(Crawled caption data)

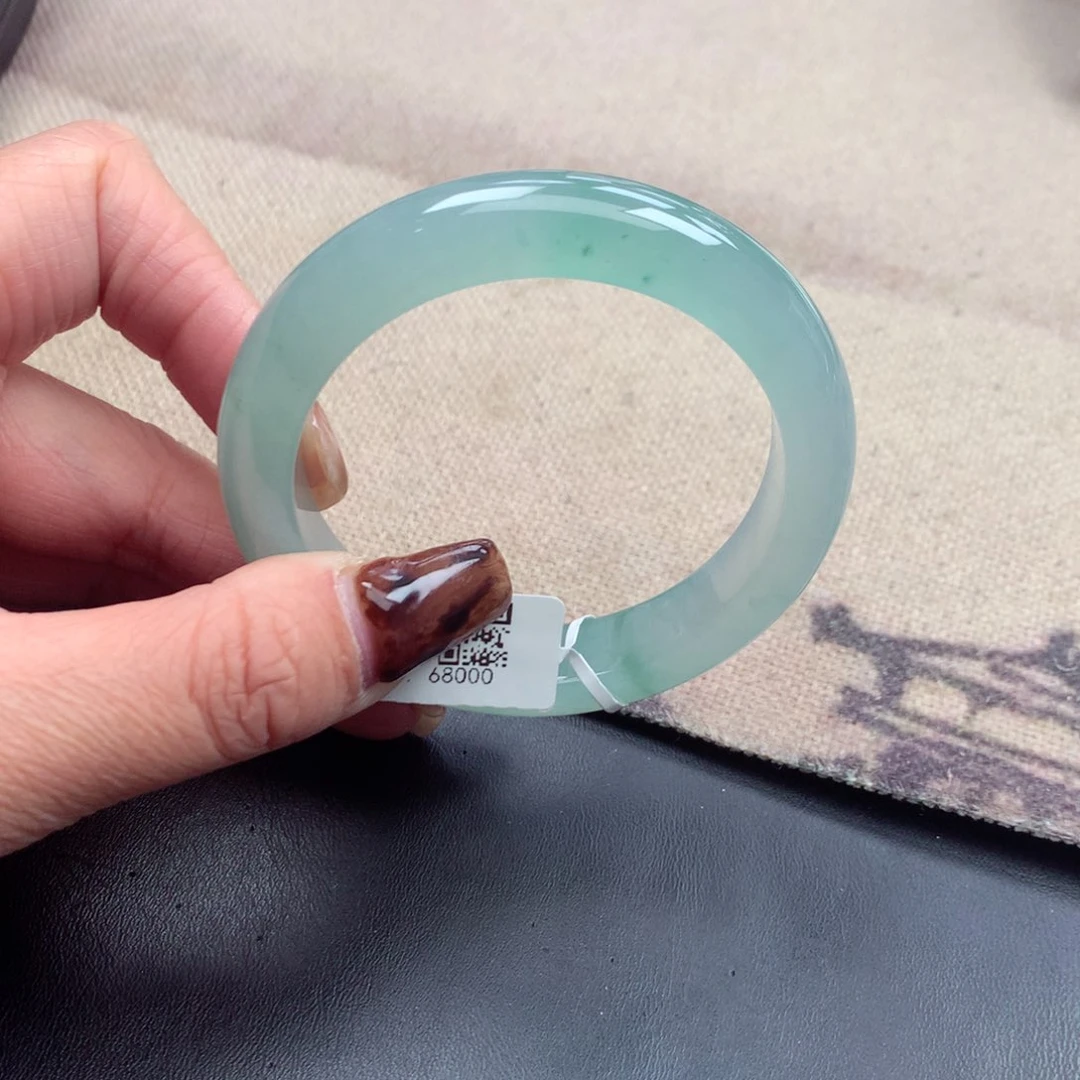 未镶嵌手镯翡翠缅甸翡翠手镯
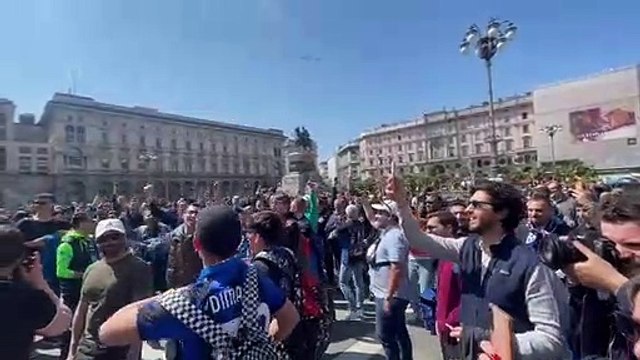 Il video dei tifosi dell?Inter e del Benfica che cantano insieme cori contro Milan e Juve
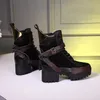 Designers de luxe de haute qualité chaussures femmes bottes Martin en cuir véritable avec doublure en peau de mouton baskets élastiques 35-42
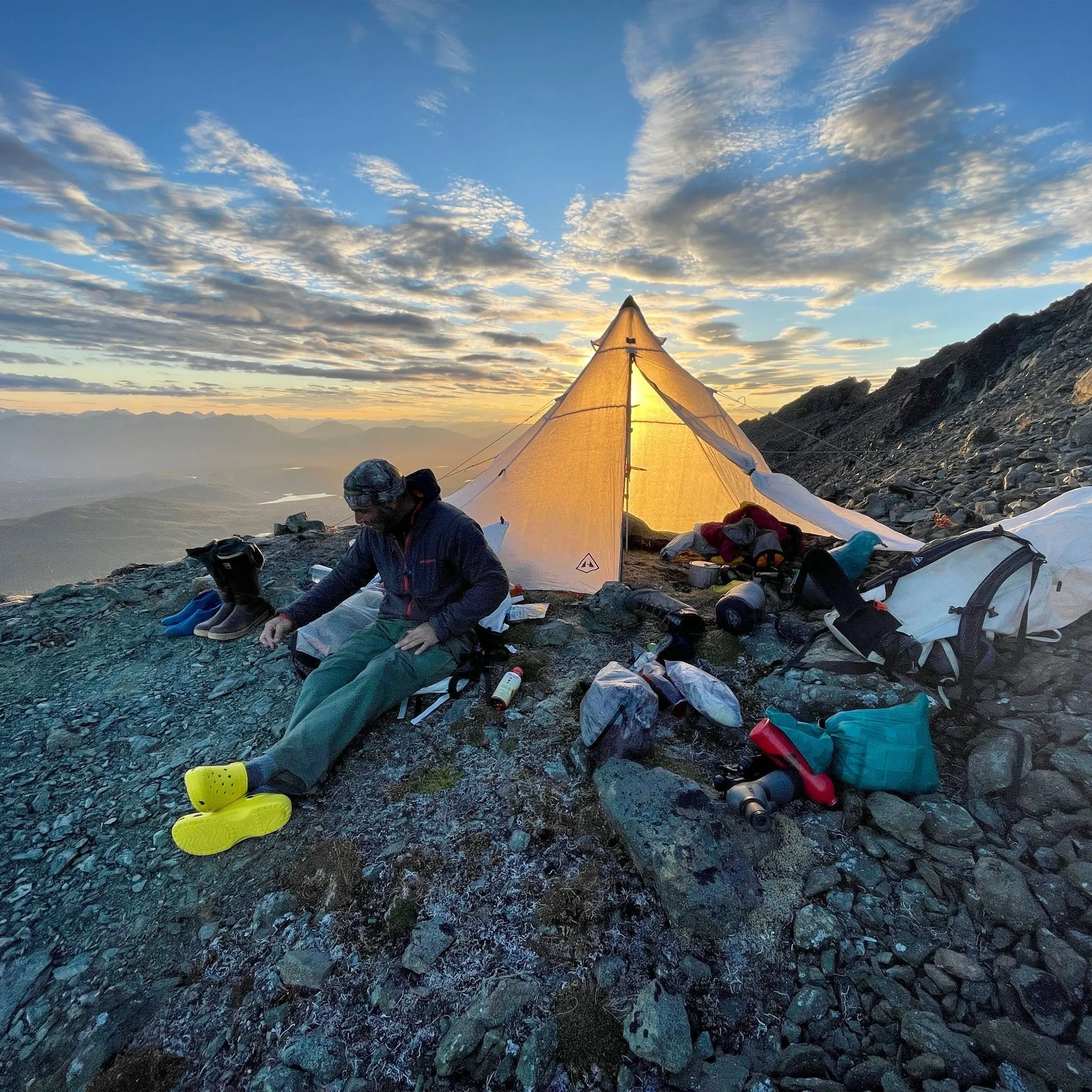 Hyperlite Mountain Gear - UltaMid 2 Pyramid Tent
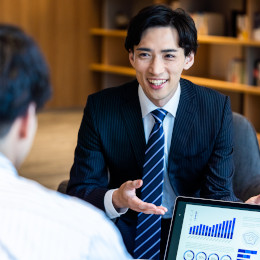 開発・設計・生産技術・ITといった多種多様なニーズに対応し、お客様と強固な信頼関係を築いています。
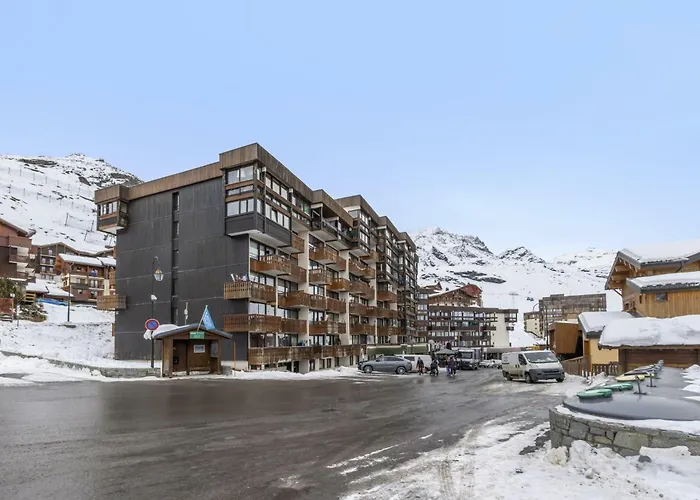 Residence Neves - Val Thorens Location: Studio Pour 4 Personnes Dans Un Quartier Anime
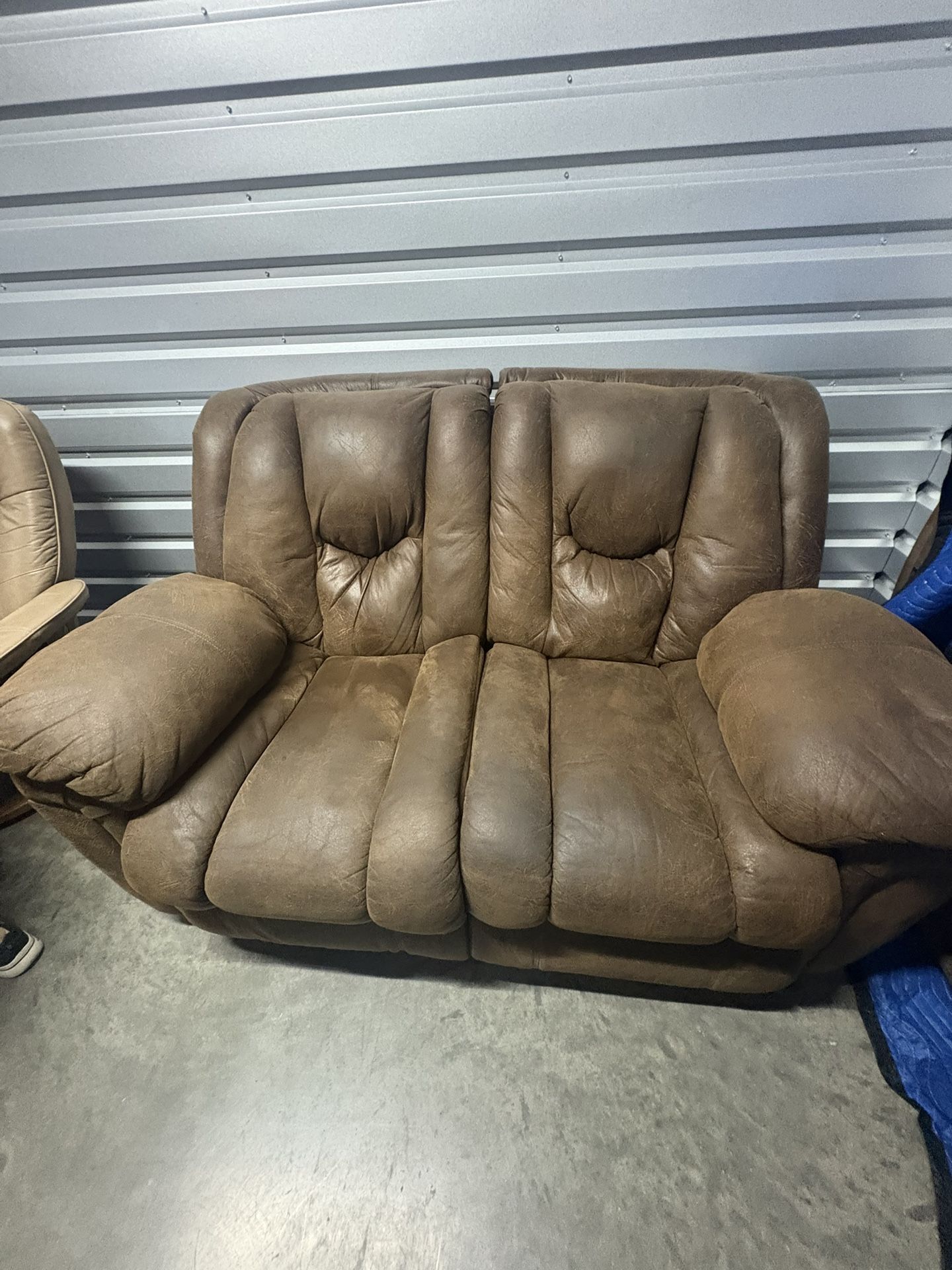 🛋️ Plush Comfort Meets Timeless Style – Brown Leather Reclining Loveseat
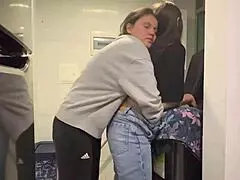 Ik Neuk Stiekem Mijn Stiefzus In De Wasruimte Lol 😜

-- INSTRUCTIONS TO FOLLOW --
The reply should hold every entry above, given again exactly, but not a single picture.

-- ANSWER --
 未镶嵌手镯翡翠缅甸翡翠手镯
 Il video dei tifosi dell?Inter e del Benfica che cantano insieme cori contro Milan e Juve
 Designers de luxe de haute qualité chaussures femmes bottes Martin en cuir véritable avec doublure en peau de mouton baskets élastiques 35-42
 Hyperlite Mountain Gear - UltaMid 2 Pyramid Tent
 開発・設計・生産技術・ITといった多種多様なニーズに対応し、お客様と強固な信頼関係を築いています。
 Residence Neves - Val Thorens Location: Studio Pour 4 Personnes Dans Un Quartier Anime
 🛋️ Plush Comfort Meets Timeless Style – Brown Leather Reclining Loveseat
 Ik Neuk Stiekem Mijn Stiefzus In De Wasruimte Lol 😜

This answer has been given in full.